Start of EXTRACTED ENTRIES

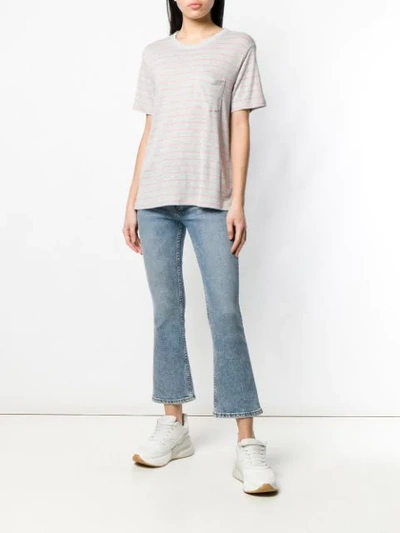 Shop Alexander Wang T Striped T-shirt In Grey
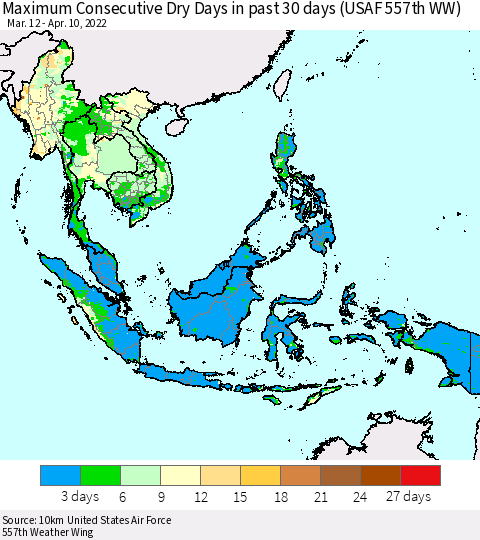 South East Asia Maximum Consecutive Dry Days in past 30 days (USAF 557th WW) 04/10/2022 Thematic Map For 4/6/2022 - 4/10/2022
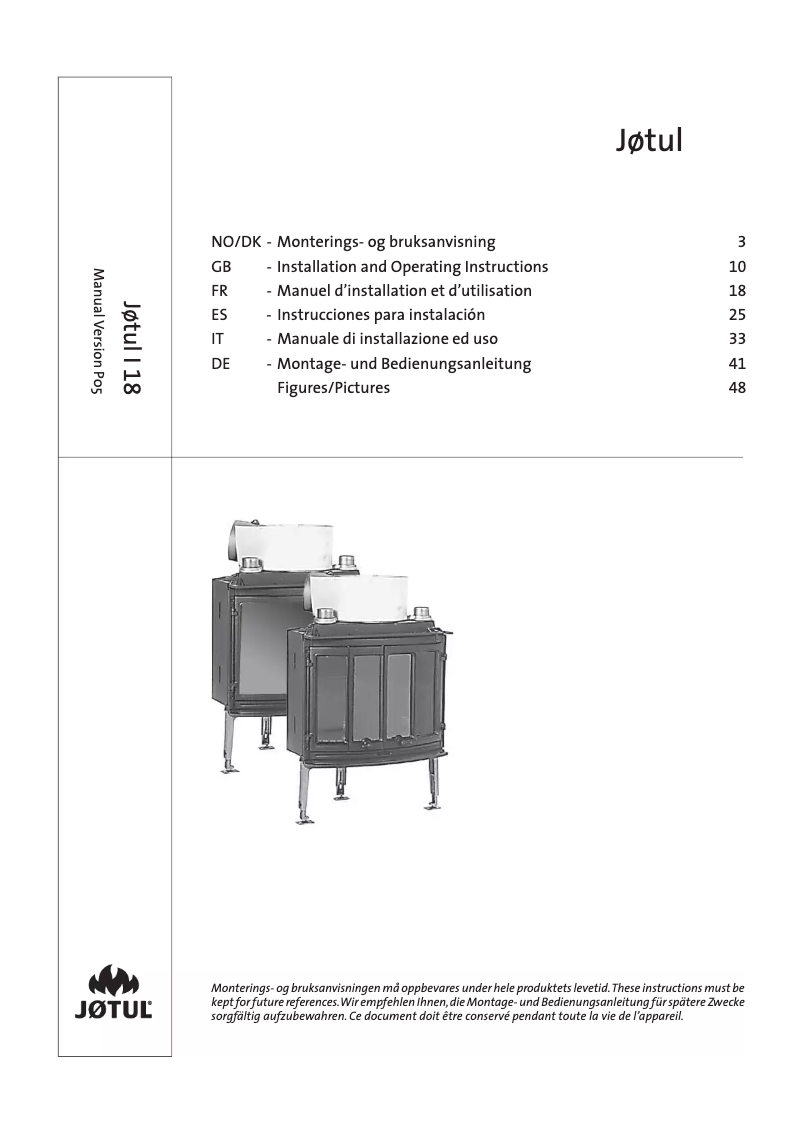 Page n°1 - Manuel utilisateur Jøtul I 18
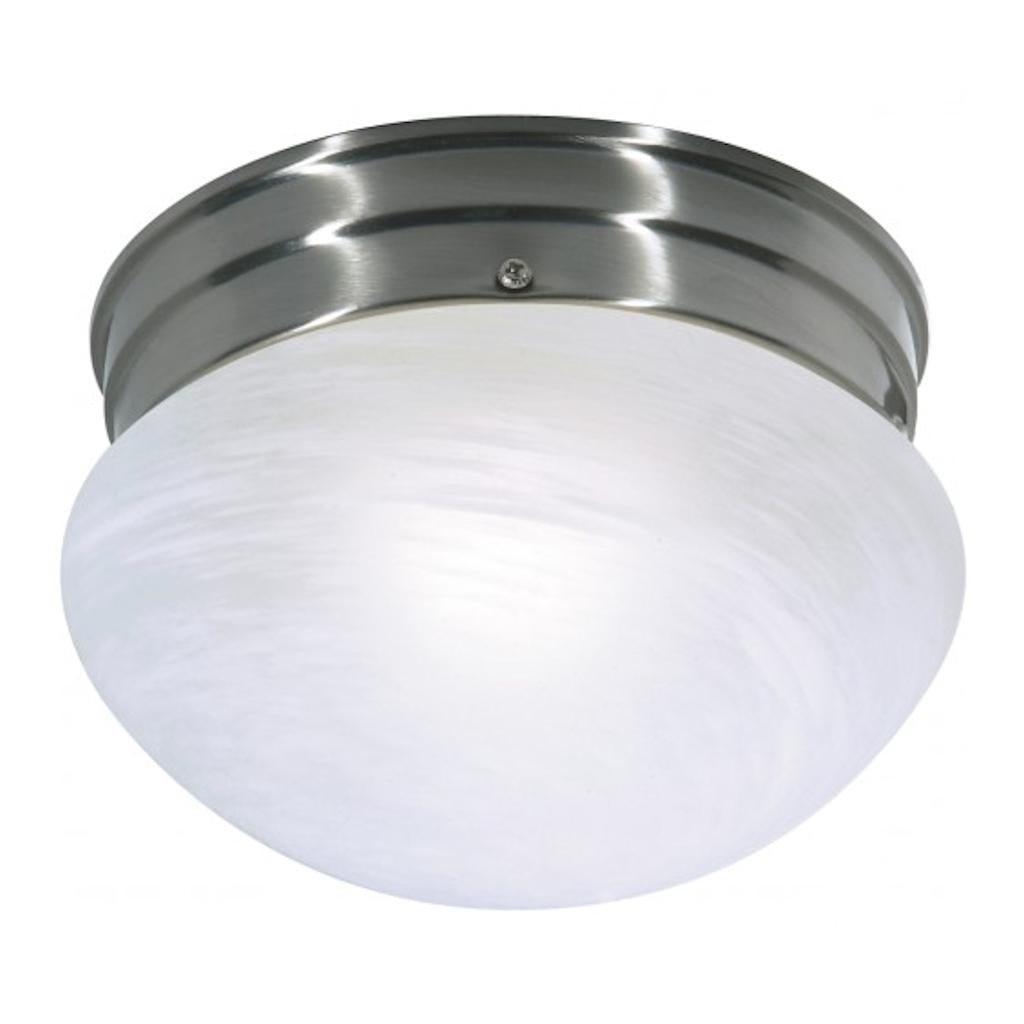 1 Light 8" Round Brushed Nickel Alabaster Mushroom Glass Shade Ceiling Light Fixture 1
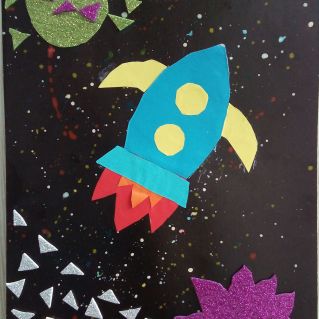 аппликация "Ракета в космосе"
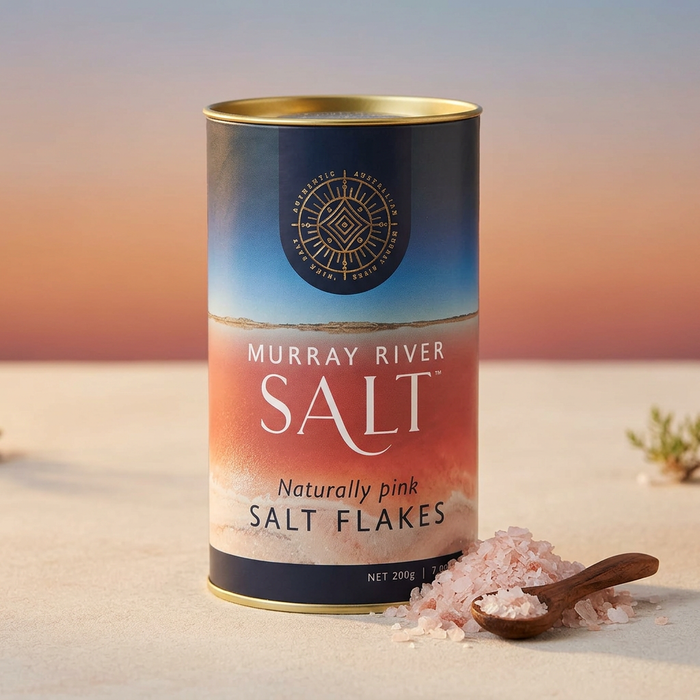 Murray River Salt Naturally Pink Salt Flakes 200 g – Natürlich rosafarbene Salzflocken aus Australien – Premium Meersalz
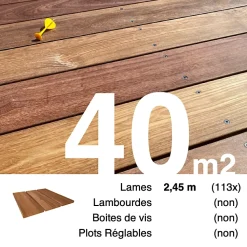 Planches de terrasse bois exotique CUMARU pour 40 m², Longueur 2,45 m.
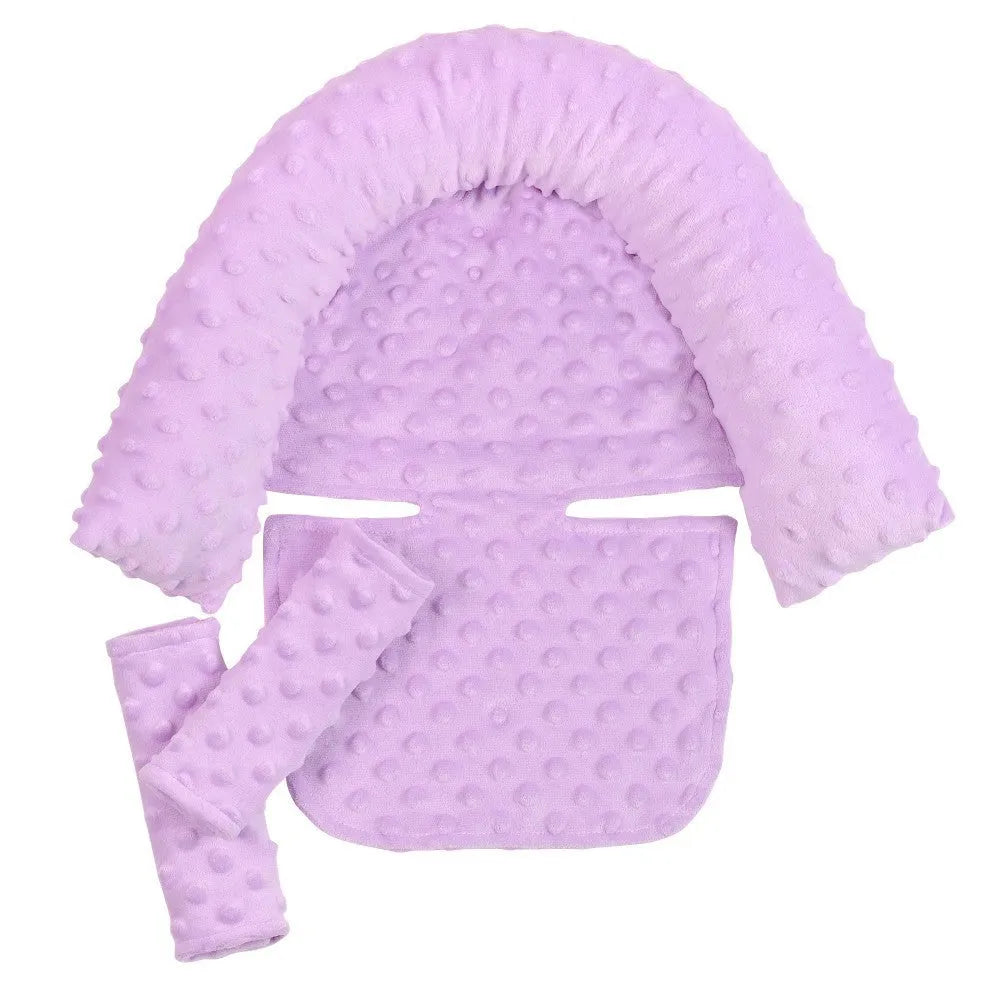 Babies' shaping pillow in Crystal Velvet fabric with two belts, available in multiple colours including white, sky blue, gray, mint green, and navy blue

End of EXTRACTED ENTRIES

▸ **THE TASK**
Extract precisely the lines beginning at the line containing "Murray River Salt" and ending at the last line of the entries above, exactly as written and with no pictures.

▸ **FINISHED TASK**
 Murray River Salt Naturally Pink Salt Flakes 200 g – Natürlich rosafarbene Salzflocken aus Australien – Premium Meersalz
 Planches de terrasse bois exotique CUMARU pour 40 m², Longueur 2,45 m.
 Babies' shaping pillow in Crystal Velvet fabric with two belts, available in multiple colours including white, sky blue, gray, mint green, and navy blue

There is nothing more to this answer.